This post is a recap of a webinar hosted by InfoTrack and CreditorWatch.
Acquiring new customers is great for your business but what’s better is knowing that they will pay you on time. Having an effective credit management process in place can make all the difference to your cash flow. Here are some steps to better manage customer credit risk and reduce bad debt.
Always perform credit checks on your customers
Before providing goods and services to new customers, it’s important to know who you are dealing with. You can easily search for a business to view their credit report. Here you will find a comprehensive overview of information to determine their creditworthiness and any adverse data regarding their payment behaviour in the form of previous payment defaults, court actions and mercantile enquiries.
Monitor a business to be alerted when changes occur
Business credit reports and scores are dynamic meaning a business’s positive creditworthiness won’t always stay the same. Business credit monitoring keeps you informed when important changes occur, such as when a payment default is registered, if there is a mercantile agency enquiry or an ASIC initiated strike off action notice. These changes act as an early warning, helping you be proactive in making a decision to reduce credit risk.

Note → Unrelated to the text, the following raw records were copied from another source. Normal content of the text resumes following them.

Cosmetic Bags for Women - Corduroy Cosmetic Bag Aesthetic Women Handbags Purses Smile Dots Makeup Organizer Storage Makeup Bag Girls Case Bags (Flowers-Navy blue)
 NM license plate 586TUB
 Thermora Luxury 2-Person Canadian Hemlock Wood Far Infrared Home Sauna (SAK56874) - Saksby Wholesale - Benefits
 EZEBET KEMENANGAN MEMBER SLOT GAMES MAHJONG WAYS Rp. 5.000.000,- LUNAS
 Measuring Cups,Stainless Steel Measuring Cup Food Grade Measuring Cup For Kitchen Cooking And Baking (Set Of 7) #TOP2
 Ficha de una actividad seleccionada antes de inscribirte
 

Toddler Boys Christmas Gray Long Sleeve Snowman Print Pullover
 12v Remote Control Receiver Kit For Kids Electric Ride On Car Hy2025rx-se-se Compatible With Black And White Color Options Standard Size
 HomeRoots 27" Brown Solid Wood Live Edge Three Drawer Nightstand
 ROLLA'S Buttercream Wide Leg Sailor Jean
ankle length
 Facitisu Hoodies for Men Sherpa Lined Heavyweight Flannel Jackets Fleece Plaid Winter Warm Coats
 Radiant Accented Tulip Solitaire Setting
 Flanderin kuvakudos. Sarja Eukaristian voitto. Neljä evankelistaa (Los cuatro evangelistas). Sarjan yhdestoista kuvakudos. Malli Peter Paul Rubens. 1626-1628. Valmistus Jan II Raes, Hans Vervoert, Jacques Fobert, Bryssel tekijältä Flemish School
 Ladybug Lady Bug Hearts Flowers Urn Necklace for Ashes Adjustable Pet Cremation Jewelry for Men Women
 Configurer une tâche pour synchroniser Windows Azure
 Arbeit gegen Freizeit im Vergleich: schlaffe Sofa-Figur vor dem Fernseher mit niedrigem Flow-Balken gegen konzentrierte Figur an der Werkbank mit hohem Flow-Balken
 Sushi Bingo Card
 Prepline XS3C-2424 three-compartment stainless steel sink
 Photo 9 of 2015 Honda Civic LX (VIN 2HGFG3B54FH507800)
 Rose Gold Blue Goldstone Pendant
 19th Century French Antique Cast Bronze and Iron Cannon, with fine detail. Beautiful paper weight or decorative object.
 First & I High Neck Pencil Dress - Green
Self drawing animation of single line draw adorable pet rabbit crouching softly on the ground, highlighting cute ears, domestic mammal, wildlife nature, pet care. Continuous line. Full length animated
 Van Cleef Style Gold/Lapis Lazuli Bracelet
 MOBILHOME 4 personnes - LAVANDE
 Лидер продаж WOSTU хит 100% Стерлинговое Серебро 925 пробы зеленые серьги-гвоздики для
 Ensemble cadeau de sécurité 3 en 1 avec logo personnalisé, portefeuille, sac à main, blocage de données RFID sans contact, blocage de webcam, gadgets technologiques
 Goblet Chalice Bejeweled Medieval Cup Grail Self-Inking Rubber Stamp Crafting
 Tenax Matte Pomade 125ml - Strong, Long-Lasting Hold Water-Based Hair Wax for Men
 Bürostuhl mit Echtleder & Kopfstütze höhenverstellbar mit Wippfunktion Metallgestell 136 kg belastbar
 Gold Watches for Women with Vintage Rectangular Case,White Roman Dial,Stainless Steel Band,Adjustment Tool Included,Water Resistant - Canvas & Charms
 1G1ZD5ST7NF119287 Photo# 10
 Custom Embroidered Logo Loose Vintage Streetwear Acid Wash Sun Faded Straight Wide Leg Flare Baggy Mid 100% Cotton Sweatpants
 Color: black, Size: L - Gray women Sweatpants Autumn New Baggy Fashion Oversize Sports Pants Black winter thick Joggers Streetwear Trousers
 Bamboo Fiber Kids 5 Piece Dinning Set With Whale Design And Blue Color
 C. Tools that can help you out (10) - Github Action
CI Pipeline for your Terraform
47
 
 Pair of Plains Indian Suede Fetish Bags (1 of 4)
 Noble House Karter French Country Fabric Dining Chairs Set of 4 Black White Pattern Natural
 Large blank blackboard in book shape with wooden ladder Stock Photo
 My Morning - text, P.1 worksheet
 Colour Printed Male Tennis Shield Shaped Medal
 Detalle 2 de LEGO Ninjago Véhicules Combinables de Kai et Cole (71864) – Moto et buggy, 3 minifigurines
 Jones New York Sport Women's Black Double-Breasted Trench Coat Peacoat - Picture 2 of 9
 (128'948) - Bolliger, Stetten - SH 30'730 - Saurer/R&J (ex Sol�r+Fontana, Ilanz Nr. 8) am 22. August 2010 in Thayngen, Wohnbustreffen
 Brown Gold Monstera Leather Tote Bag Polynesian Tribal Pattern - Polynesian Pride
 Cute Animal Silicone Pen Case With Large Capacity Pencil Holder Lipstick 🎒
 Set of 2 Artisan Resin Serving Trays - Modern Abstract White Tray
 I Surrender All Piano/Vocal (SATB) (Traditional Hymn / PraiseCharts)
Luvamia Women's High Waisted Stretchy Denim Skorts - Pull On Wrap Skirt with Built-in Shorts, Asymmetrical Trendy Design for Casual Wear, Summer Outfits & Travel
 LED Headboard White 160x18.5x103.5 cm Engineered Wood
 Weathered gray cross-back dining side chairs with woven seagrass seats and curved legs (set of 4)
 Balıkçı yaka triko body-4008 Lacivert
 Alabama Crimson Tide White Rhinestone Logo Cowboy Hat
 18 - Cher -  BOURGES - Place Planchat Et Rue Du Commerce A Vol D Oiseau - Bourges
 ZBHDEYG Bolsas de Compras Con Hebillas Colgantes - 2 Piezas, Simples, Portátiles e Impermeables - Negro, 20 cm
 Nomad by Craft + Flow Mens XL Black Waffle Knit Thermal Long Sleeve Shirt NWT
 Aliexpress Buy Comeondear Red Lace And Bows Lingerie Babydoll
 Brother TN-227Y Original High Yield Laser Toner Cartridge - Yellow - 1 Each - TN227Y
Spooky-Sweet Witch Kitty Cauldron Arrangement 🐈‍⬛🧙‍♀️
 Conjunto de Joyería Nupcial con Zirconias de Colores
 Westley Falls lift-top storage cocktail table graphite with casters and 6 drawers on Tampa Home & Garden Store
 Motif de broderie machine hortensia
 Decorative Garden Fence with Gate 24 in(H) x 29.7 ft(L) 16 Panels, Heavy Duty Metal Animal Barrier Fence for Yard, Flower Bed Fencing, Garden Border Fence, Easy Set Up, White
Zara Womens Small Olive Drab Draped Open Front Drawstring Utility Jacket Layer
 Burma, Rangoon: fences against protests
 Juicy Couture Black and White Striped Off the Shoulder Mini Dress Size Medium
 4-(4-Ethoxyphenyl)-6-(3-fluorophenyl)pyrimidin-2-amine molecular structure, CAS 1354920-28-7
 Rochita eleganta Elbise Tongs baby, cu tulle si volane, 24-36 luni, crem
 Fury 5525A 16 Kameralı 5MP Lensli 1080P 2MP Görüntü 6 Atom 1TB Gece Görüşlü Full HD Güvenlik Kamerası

Provide accurate invoices and follow up with timely reminders
Always provide an invoice when you provide goods or services to a business. Ensure all details are correct as minor inaccuracies can lead to issues if ever you need to refer to a debt collection agency or have to pursue legal action. Establish a system of following up customers with prompt statements and friendly reminders for outstanding invoices. Depending on your industry, you can set up automatic reminders to follow up after 4 days with a statement, and after 10 days with a phone call.
Take action when you don’t get paid
If your customer still hasn’t paid you after an invoice and all reminders have been sent, it’s time to send a letter of demand advising that you will register a default if you do not receive payment. A payment default is a black mark that remains on a credit file for up to five years. It’s a great way to encourage slow or non-paying customers as they will fear ruining their credit score and deterring other suppliers.